[WORK TO BE COMPLETED]:
Return copies of the lines below that mention "black".

[GIVEN RECORDS]:
════════════════
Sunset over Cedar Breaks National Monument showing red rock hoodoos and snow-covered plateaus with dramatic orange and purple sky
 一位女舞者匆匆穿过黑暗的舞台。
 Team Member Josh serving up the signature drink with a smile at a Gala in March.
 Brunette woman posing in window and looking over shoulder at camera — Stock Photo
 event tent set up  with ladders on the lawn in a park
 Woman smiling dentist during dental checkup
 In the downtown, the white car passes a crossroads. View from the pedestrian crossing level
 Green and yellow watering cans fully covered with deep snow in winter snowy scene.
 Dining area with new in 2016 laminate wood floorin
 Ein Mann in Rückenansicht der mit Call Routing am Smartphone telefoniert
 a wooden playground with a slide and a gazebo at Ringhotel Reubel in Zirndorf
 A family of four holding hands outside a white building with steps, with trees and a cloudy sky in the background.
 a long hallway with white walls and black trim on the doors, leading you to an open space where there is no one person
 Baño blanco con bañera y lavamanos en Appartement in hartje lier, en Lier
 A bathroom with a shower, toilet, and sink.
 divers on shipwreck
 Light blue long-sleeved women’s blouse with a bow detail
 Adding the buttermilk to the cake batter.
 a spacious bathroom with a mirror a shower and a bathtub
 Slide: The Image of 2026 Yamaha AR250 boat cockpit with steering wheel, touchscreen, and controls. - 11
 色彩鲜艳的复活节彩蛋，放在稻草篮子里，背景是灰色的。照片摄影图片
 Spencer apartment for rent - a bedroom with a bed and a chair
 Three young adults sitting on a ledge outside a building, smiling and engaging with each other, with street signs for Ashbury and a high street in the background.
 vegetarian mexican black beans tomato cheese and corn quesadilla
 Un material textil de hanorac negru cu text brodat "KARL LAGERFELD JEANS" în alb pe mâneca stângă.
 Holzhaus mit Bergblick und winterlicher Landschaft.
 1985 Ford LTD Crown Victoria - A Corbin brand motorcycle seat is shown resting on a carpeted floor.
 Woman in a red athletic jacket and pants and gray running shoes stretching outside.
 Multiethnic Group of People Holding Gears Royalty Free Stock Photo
════════════════
[RESPONSE FOR THIS EXERCISE]:
 a long hallway with white walls and black trim on the doors, leading you to an open space where there is no one person
 vegetarian mexican black beans tomato cheese and corn quesadilla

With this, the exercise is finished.